Monday, December 15, 2014

Flash Fiction by James A. Gollata

This is my friend James A.Gollata. After retiring from the University of Wisconsin-Richland he returned to his hometown.  James drives a boxcar and dislikes select Pillsbury products. If you meet James, be sure to ask for a calling card.  He lives in a castle where he  writes poetry, flash fiction and puns.  He drinks double espressos and shoots pool.

Here is a flash fiction piece by James A. Gollata. Hopefully we'll  hear from him again soon.

Schubert on the Dashboard

He had known her years and years before, but not well and not socially and he had moved away and now recently returned to near the place where she still was.  They started quickly this time  getting together now and then and in one languorous post-romp stretch-out she told him why she had never married in all that time, before and including up to now.  There had been a long long affair with a married man, that was it.  He assumed it was now over but didn't ask and didn't really care.

She invited him to the family lake cottage for a Sunday cook-out, and he went.  After all of the introductions and boating and drinking and eating and sun, he said farewell to her and headed out to the private road where he had parked his car.  Suddenly a Japanese fellow whom he hadn't noticed throughout the afternoon or ever before walked beside him and asked how he knew her and for how long and where did he live now.  The Japanese fellow said that he was finishing his PhD work on the nature of rights in the U.S. Constitution, mainly that they were all political and not meant to be ever about personal freedom.  This sounded like bullshit to him.

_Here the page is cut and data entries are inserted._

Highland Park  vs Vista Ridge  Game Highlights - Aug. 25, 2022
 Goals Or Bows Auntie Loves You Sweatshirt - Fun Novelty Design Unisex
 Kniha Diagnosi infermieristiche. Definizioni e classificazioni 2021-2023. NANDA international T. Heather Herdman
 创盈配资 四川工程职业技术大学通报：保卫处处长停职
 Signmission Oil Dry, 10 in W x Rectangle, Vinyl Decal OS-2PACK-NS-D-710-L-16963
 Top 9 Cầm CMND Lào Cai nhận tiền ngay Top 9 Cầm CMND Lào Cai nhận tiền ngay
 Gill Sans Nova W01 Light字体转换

They arrived at his car, and the Japanese fellow asked about the little gray plastic statue of Franz Schubert that was on the dash.  He told him that it had been bought at a garage sale one time for a dime, and then set in the windshield and never removed, that the bust looked good there and constantly kept its eyes on the road.  Then the Japanese fellow began a conversation which went like this:

     "Schubert's not that good."
     "Really?  You don't think so?"

Not on the drive home or later that night, but a long time later, embarrassing to say how long, he knew who the Japanese fellow was, had been.  And why he had said that about Schubert.